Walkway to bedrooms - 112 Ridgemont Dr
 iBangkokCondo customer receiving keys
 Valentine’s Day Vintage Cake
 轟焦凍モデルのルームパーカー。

++++++++++

#### Task to complete
All the lines above should come back exactly as written.

#### Expected output
Walkway to bedrooms - 112 Ridgemont Dr
 iBangkokCondo customer receiving keys
 Valentine’s Day Vintage Cake
 轟焦凍モデルのルームパーカー。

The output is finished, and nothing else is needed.